#### Given information ####

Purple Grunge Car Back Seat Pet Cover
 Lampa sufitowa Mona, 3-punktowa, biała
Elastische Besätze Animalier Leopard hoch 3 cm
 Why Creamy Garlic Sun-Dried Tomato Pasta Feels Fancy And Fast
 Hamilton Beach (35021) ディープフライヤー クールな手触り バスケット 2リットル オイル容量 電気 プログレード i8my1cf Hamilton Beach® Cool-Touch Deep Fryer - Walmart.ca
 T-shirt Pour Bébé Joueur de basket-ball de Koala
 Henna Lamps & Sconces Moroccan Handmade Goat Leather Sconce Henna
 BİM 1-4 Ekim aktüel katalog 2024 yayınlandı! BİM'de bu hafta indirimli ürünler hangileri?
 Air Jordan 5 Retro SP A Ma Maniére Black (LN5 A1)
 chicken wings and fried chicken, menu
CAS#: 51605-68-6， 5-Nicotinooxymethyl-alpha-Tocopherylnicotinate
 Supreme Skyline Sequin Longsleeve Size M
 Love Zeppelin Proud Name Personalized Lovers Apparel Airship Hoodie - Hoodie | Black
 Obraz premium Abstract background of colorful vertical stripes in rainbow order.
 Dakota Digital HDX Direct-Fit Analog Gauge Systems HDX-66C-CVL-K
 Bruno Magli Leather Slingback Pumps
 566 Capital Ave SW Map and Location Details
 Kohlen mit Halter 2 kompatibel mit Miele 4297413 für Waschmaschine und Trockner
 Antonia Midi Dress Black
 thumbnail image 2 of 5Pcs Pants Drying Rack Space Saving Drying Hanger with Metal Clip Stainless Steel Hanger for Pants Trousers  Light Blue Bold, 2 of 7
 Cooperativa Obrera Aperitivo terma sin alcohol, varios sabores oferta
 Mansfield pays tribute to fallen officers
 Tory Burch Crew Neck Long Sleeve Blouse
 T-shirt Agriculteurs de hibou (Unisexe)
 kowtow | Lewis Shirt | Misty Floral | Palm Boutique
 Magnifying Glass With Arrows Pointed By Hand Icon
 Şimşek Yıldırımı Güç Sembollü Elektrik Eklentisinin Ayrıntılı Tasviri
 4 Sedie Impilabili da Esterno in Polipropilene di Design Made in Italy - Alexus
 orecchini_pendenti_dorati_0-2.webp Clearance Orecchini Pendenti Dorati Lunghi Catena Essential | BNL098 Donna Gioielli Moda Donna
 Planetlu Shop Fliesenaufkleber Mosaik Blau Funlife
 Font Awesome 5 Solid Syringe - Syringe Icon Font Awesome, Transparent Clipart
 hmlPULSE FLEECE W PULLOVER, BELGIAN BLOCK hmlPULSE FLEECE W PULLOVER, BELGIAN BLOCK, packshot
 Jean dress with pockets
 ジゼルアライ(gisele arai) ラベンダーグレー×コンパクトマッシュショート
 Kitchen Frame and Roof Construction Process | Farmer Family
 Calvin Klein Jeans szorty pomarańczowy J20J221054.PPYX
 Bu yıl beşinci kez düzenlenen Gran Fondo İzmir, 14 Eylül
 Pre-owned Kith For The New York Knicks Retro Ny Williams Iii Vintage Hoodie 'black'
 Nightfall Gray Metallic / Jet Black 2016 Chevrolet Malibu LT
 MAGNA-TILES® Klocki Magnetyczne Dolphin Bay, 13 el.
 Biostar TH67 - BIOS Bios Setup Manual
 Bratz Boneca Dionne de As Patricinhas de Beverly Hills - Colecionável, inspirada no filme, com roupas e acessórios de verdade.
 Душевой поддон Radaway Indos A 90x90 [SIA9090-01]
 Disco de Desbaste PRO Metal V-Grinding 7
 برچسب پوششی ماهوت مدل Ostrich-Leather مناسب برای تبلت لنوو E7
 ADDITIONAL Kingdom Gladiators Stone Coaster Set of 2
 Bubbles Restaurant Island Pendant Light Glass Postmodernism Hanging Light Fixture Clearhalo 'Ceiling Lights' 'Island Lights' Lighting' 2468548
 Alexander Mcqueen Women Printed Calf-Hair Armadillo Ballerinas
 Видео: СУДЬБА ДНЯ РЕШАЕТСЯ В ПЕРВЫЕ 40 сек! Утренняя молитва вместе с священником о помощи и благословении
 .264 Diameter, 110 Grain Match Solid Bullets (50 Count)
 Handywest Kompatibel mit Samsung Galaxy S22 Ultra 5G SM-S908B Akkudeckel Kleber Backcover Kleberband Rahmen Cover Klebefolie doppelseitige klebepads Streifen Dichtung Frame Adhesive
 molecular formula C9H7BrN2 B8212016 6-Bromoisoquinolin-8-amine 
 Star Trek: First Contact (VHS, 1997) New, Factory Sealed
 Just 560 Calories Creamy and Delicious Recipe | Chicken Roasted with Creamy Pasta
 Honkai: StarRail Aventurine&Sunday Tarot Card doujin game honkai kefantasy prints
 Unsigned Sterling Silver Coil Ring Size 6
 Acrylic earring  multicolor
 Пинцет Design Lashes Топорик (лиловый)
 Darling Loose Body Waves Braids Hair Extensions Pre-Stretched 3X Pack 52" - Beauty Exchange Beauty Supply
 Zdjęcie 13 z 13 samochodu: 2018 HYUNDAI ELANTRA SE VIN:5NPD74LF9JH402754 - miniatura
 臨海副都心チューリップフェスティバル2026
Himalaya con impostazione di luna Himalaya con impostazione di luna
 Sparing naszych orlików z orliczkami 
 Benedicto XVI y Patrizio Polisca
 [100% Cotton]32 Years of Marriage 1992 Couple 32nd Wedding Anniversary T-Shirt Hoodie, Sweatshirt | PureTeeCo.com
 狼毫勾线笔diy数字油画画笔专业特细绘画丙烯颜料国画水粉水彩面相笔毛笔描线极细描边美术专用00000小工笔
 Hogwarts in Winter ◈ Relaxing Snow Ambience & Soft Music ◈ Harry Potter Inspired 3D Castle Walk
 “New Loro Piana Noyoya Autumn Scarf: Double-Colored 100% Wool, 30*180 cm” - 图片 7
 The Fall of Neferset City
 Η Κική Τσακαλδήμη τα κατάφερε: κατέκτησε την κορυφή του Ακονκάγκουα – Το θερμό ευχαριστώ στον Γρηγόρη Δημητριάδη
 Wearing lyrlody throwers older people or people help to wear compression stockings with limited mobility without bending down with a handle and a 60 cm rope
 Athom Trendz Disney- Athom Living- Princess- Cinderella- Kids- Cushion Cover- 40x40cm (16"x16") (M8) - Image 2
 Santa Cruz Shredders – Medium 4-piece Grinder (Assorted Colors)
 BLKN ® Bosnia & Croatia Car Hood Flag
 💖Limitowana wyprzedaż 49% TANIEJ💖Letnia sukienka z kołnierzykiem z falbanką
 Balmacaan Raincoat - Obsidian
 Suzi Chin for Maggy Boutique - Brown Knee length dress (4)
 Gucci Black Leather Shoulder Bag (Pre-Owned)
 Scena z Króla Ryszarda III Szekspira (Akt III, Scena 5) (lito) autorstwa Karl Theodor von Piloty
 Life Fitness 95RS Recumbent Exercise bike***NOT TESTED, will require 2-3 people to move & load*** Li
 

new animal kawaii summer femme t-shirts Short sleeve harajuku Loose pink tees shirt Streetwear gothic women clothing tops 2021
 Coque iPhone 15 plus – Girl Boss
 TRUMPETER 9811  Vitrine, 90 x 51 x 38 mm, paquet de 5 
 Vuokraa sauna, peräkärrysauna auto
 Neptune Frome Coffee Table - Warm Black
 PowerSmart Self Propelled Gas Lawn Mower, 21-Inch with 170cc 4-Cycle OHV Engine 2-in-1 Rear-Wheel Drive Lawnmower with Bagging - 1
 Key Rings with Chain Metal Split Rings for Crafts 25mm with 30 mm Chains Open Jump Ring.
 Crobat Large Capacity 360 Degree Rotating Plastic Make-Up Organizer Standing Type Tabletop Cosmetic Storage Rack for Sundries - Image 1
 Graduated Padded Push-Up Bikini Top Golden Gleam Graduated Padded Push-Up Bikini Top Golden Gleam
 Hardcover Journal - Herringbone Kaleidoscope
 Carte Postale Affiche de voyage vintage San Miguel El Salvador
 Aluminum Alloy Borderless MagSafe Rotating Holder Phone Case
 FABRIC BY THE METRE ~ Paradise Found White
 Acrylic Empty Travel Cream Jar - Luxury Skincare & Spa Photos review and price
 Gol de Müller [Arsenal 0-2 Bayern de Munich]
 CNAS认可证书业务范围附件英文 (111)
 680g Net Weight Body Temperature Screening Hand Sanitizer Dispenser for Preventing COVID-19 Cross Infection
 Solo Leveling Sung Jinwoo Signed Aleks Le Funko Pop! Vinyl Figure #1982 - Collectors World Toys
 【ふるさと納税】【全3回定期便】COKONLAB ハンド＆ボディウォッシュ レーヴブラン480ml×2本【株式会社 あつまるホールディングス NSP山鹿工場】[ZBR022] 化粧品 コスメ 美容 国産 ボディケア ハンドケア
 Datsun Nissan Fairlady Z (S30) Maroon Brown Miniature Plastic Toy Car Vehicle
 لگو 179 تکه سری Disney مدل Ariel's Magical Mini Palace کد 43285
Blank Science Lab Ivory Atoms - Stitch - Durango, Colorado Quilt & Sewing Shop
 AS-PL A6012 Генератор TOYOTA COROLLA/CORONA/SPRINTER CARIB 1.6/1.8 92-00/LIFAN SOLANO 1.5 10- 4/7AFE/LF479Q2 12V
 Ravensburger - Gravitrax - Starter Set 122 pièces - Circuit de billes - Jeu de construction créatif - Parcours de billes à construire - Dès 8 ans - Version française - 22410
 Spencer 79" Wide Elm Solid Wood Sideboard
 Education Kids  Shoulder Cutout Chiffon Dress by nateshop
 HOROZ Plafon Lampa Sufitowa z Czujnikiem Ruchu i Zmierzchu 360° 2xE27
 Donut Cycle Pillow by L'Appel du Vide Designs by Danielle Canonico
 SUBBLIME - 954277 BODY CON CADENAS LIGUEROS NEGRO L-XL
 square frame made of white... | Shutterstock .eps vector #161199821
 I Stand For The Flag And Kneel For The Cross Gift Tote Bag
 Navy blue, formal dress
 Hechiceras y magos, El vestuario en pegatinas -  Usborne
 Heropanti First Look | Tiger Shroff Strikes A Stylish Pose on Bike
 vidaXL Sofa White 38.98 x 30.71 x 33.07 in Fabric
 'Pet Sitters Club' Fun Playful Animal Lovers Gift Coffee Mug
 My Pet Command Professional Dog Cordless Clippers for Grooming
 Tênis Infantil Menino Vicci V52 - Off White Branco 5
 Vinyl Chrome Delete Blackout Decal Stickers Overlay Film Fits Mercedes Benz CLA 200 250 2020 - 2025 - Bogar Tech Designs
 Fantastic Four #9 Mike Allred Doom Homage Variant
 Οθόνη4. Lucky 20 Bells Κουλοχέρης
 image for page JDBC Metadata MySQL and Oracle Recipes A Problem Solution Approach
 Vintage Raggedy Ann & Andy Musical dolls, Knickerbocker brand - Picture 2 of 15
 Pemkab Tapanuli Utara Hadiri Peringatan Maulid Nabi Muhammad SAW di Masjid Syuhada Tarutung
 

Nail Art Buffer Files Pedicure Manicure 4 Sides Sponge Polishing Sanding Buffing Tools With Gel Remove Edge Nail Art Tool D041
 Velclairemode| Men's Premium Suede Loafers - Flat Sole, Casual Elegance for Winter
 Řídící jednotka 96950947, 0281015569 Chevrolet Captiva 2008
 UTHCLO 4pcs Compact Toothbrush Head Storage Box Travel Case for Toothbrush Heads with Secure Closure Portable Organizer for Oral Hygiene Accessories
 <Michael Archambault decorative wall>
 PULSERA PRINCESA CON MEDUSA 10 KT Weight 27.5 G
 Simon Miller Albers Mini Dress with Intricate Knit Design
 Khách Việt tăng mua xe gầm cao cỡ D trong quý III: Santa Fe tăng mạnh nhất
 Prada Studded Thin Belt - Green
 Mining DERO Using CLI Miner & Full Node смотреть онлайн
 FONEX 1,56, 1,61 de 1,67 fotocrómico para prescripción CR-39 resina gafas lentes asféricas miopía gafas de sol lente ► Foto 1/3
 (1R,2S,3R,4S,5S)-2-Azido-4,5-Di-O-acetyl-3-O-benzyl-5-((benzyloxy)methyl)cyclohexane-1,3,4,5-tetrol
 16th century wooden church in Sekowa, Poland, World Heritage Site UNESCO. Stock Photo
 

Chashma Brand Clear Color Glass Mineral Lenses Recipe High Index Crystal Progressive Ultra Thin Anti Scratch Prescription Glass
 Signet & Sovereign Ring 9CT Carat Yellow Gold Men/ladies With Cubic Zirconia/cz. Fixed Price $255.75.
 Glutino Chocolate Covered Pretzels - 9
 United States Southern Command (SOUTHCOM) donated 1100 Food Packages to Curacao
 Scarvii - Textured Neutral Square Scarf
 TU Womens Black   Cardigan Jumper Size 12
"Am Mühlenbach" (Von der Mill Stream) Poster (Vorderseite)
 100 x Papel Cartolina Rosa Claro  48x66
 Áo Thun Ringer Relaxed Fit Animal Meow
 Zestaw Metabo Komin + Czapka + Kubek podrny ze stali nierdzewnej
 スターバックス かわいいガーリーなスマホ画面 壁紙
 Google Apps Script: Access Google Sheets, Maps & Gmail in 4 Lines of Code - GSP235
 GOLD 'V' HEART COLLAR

####

Show every line of the data in which the word "Lovers" appears.

**Response box**
 Love Zeppelin Proud Name Personalized Lovers Apparel Airship Hoodie - Hoodie | Black
 'Pet Sitters Club' Fun Playful Animal Lovers Gift Coffee Mug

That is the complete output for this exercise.